Task prompt:
Only the pictures are to be left out; write out the rest of the data exactly.

Dataset section:
......

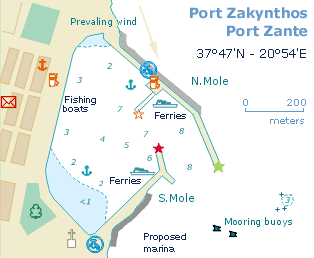 Nautical Map of Zakynthos port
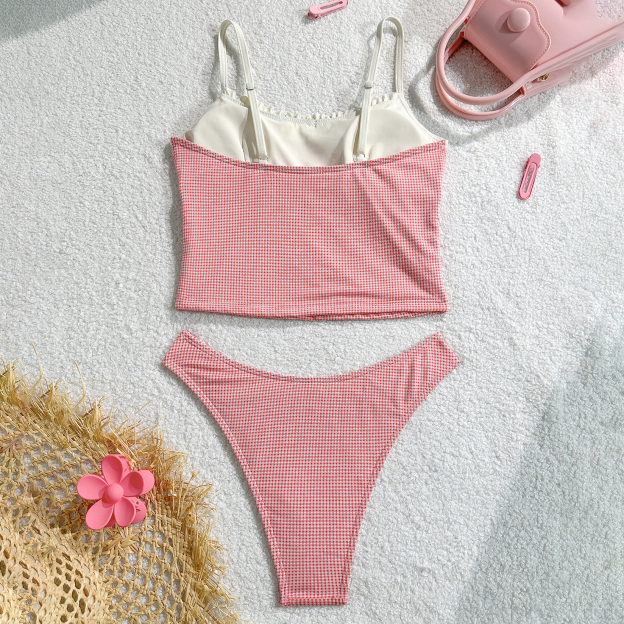 Bow Accent Tankini Set with Lace Trim and Open Back
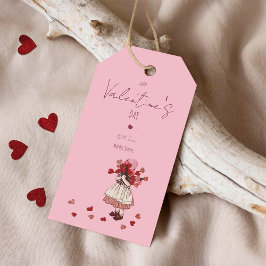 Alla hjärtans dag – Vintage flicka med hjärtbukett Presentetikett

......

Solved problem:
 Nautical Map of Zakynthos port
 Bow Accent Tankini Set with Lace Trim and Open Back
 Alla hjärtans dag – Vintage flicka med hjärtbukett Presentetikett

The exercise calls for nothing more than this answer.